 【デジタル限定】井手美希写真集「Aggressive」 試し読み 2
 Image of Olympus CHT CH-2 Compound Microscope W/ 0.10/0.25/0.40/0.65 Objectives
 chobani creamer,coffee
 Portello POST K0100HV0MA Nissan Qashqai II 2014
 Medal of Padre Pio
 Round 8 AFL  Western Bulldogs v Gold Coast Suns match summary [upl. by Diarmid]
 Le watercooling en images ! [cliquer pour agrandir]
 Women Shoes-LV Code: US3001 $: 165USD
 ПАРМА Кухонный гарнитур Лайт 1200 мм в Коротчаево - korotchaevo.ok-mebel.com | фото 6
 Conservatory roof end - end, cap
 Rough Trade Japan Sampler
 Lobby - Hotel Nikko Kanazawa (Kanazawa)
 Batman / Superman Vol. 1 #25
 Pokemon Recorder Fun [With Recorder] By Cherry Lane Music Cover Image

......

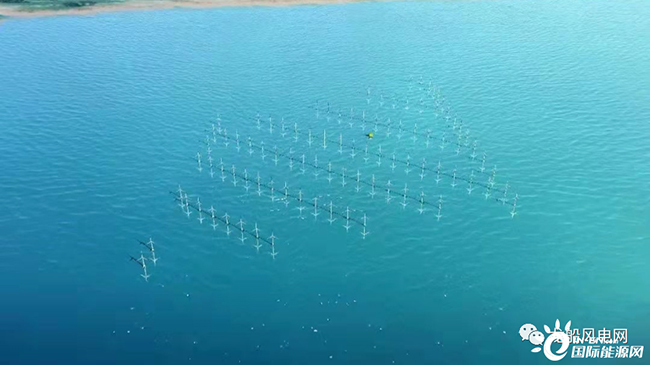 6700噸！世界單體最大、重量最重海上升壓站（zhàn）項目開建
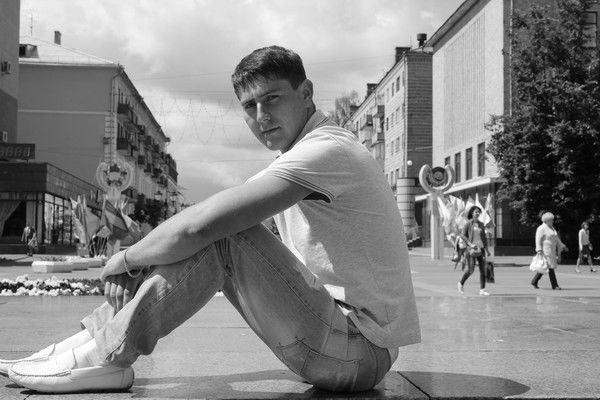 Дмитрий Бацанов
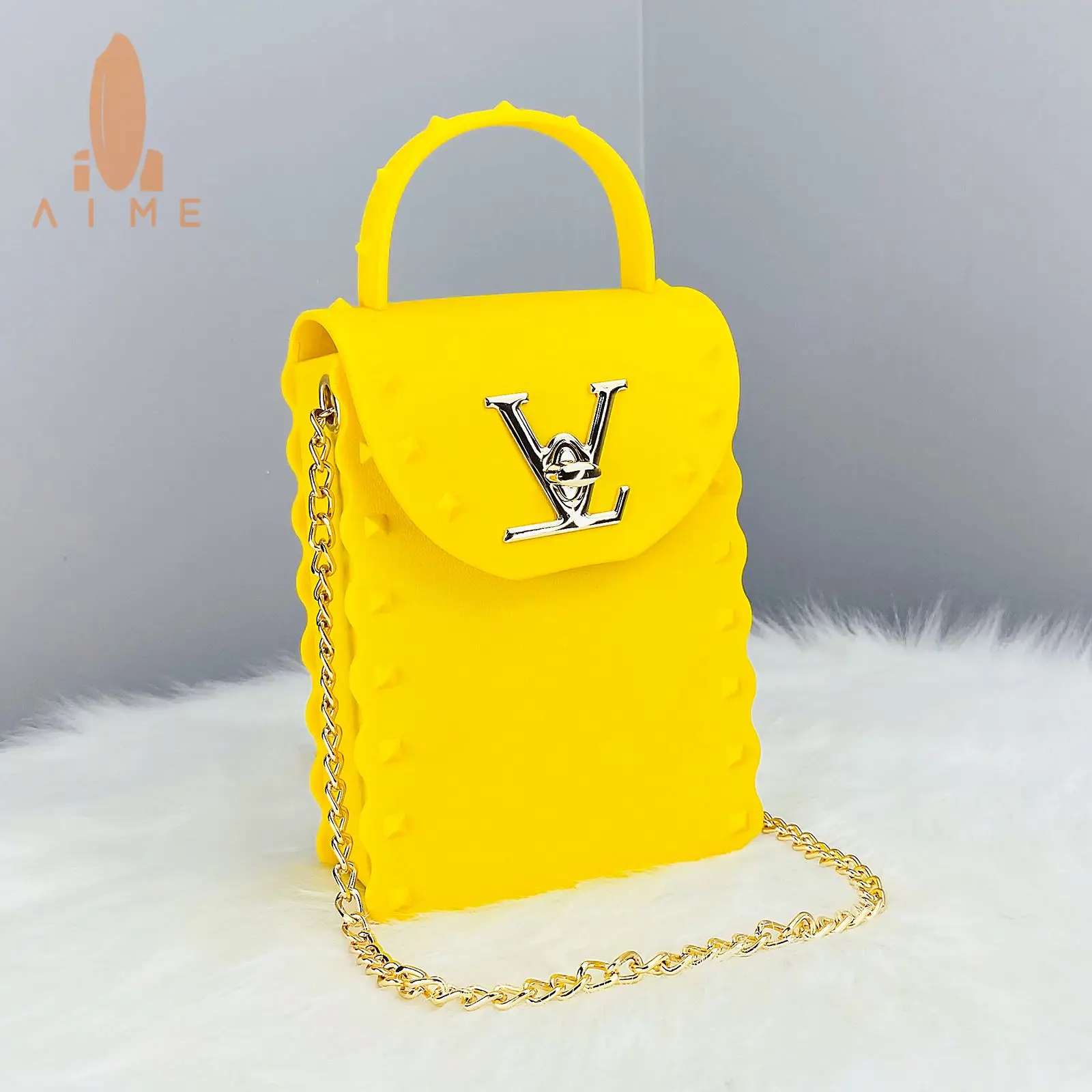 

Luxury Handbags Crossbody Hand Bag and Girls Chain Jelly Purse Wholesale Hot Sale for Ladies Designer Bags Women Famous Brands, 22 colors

......

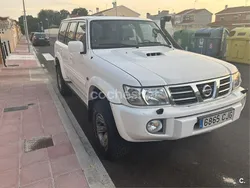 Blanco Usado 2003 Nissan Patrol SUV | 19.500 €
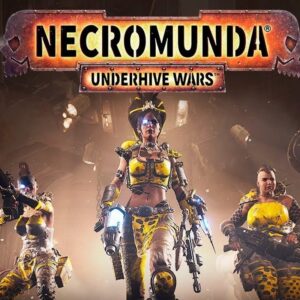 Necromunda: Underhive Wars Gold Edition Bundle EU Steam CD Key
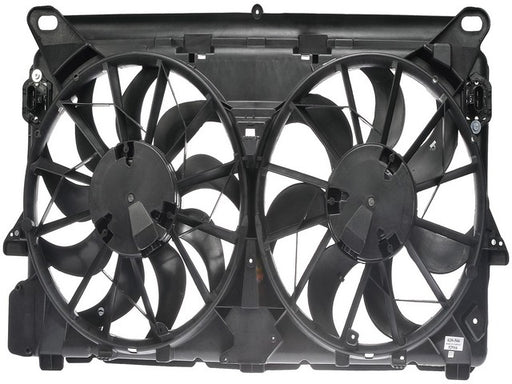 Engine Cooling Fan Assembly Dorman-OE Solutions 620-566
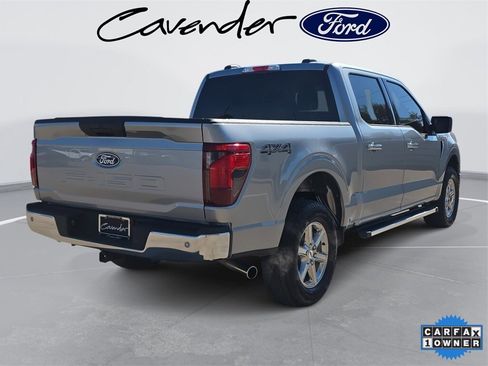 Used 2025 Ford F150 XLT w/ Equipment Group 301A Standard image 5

......

→ ACTIVITY
Return every line in the listing that contains the word "Women".

→ OUTPUT OF THE TASK
 Women Shoes-LV Code: US3001 $: 165USD
Luxury Handbags Crossbody Hand Bag and Girls Chain Jelly Purse Wholesale Hot Sale for Ladies Designer Bags Women Famous Brands, 22 colors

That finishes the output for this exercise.